隠シゴト{女性視点}
「すまない、他の女と寝たんだ」
彼の家に呼び出され、
リビングのソファに座った瞬間、彼がそう告げた。
「本当にすまない。今は大事な時期だってのに、断れなくて、俺は…」
なぜか泣きそうになりながら話す彼。
いったい何が言いたいのだろう。
「怒ってる?…そりゃあ怒るよな。でもおれやっぱりお前に隠し事なんてしたくなくて、
いや、違うな…そういうことが言いたいんじゃないんだが…。取り返しのつかないことをしたのはわかってるんだ」
「お願いだ、別れないでくれ、式だってもうすぐなんだ。

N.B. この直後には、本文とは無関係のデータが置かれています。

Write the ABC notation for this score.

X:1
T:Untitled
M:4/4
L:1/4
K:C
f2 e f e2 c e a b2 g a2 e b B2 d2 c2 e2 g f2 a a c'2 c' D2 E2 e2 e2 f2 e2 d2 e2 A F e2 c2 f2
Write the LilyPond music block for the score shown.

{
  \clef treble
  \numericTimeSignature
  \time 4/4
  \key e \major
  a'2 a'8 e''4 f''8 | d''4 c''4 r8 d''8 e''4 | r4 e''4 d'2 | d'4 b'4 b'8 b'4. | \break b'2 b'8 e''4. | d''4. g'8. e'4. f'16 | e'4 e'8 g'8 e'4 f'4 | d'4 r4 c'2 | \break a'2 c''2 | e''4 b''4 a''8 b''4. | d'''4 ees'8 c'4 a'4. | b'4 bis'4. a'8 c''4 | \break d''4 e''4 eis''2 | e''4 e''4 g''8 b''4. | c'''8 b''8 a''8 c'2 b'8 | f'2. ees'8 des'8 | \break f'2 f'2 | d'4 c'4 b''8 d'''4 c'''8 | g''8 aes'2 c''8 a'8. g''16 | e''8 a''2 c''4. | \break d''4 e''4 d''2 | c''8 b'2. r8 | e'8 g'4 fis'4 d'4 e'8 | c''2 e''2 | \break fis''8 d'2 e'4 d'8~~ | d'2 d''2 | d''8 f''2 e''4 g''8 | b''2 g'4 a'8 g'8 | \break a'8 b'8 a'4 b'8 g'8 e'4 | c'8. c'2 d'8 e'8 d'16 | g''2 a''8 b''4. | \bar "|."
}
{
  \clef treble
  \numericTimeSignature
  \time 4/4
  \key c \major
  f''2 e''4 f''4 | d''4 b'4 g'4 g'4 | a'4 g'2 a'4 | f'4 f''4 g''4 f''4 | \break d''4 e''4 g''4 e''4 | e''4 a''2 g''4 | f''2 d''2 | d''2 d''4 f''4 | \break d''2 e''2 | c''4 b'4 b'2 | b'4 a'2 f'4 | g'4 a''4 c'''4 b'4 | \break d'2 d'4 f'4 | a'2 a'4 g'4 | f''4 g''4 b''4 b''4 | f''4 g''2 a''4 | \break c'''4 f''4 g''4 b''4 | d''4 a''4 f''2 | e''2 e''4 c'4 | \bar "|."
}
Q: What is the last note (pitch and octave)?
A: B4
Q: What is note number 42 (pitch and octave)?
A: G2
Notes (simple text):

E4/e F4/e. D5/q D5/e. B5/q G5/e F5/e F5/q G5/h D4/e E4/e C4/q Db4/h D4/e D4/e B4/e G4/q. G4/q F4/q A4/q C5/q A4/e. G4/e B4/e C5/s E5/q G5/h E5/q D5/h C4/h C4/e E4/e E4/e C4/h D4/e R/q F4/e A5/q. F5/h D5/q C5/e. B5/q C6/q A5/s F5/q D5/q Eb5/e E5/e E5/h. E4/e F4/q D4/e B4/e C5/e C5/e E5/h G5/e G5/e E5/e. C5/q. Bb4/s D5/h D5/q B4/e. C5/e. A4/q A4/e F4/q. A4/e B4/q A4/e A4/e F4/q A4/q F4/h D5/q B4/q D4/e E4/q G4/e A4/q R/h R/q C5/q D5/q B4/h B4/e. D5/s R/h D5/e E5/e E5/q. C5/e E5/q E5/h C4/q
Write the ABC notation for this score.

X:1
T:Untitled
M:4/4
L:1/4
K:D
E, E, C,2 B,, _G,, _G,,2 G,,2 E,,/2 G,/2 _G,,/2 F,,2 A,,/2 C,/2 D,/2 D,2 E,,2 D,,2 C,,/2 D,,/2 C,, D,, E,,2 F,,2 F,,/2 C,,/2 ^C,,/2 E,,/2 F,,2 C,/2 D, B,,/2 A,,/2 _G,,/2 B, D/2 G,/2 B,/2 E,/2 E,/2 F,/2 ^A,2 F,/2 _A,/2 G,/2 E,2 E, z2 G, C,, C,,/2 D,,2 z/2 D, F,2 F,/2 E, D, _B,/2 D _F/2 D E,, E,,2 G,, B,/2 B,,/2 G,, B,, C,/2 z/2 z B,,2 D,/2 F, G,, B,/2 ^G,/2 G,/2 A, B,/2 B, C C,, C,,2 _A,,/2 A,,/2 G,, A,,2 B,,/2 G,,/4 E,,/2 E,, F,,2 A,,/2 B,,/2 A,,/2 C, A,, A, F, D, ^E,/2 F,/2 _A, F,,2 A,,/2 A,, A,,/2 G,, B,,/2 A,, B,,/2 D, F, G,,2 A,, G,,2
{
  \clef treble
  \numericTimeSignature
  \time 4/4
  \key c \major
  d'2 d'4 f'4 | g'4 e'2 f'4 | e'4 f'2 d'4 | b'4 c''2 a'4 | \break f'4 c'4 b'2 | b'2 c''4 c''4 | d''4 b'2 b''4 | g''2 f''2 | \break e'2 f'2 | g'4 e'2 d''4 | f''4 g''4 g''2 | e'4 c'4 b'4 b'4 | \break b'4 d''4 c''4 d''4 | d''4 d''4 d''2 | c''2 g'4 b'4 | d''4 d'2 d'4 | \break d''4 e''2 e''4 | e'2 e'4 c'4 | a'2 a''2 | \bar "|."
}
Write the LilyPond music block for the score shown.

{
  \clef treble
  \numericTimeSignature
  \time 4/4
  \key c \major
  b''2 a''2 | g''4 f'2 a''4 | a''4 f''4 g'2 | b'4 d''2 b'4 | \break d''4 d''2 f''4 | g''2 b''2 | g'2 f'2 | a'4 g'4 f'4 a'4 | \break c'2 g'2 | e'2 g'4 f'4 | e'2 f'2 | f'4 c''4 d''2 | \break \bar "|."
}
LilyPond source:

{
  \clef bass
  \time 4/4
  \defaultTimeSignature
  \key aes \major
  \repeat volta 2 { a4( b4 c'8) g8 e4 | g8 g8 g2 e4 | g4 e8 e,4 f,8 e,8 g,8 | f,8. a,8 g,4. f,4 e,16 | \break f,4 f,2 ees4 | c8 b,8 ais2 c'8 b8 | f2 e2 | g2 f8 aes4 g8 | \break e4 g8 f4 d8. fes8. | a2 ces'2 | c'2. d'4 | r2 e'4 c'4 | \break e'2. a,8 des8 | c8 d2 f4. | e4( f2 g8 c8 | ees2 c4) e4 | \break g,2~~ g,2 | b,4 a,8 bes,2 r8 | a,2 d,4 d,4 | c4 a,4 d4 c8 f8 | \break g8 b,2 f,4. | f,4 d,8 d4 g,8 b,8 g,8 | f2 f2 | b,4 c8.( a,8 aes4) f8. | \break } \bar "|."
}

そんな時期に浮気した俺が本当に馬鹿だったんだ、俺が好きなのはお前だけなのに、本当に俺は…」
独りペラペラと聞いてもないことをしゃべる彼。私がなにも言わないのを不審に思う様子もなく。
「すまない、本当に愛してるのはお前だけなんだ」
嘘つき、なんて言わないわ。
だってそれは本当のことだと知ってるもの。
ついでに言うなら…。
「なぁ、なんで何も言わないんだよ。表情一つ変えないで、何を考えてるんだよ。怒ってるのか?なぁ、頼むよ、何でもいいから言ってくれよ」
あぁ、うるさいうるさいうるさいうるさいうるさい。
「知ってたわ」
私の第一声がそれ。
彼はポカンと口を開けてた。
「知ってたのよ、浮気。知ってて何も言わなかったの。過ぎたことはしょうがないって思ったなんて、言ったらあっけなく淡白に感じるだろうけど、そう思ったの」
「もちろん知ったときは辛かったわ、とてもとても。だってアナタを愛してるんだもの。式だってもうすぐ。そんな中アナタは…」
「けれど黙っておこうと思ったのよ。
私が黙ってたらきっとなかったことにできると思って。アナタが好きで浮気したなんて思ってないわ。上司の娘さんよね?その娘さんに脅されたなら仕方ないかもしれないわ。最初に一回きりって話をつけたみたいだけど、そう簡単にあっちはあきらめてくれるかしら?」
「…知ってたけれど、確信はなかったわ。アナタが本当にあの娘を抱いたなんて。なんで黙っててくれなかったの」
「それがもし真実だとしても、黙っててくれると思った。アナタの中だけでも、それをなかったことにしてほしかったわ。それなのに今アナタは私に告白したわね、なんで?」
「罪悪感に苛まれたの?良心が耐えられなくなった?バレるのが怖くなった?どれにしろ、それを私に話してどうしたかったの?」
「許してほしい?アナタが勝手に浮気したくせに?それとも私の反応なんて考えずにただ吐き出したかっただけかしら」
「私を傷つけるとは思わなかったの?
あぁ、浮気をしたことを責めてるんじゃないのよ。さっきも言ったけど、私は知ってたけど確信はなかった。アナタが言わなかったら私は二度も傷つくことはなかったのに」
「言わなかったらきっともやもやすると思うわ、そりゃあね。けれど、私はアナタとの結婚に浮かれてきっと何年か後には忘れてたとおもうわ。
確信のない心の傷なんてそんなものよ」
「けれど今は違う。確信ができてしまった。
最初の確信のなかった傷でさえ本物になって、そのうえ新しい大きな傷がまたついてしまった」
「あぁ、ごめんなさい。浮気したことだって正直許せないのだけど、もっと許せないのは私に話したこと。ごめんね。理解できないでしょうね、アナタには」
「…式は、キャンセルよ。結婚もしない。別れるわ」
私は指輪を外して彼に投げつけた。
彼は私が言ったことを理解できないというような顔でこちらを見ていた。
けれど彼は何も言わない。
そんな彼に構わず私は続けた。
「話さない方がいいことだってあるのよ、知らせないほうがいいことだって。
アナタが秘密にしててくれれば、嘘をついてくれれば。
そうしたら、私だって」
「ごめんなさい、アナタを心から愛してるのよ。愛してるから許せないの」
「言い訳は聞かない、もう会わないわ。
さようなら。大嫌い」
その後、一言も会話を交わすことなく、彼の家を歩いて出た。
けれども彼が追ってくる気配はなく、私も静かに涙を流せた。
『さようなら。大嫌い』
この言葉を彼はどう感じただろうか。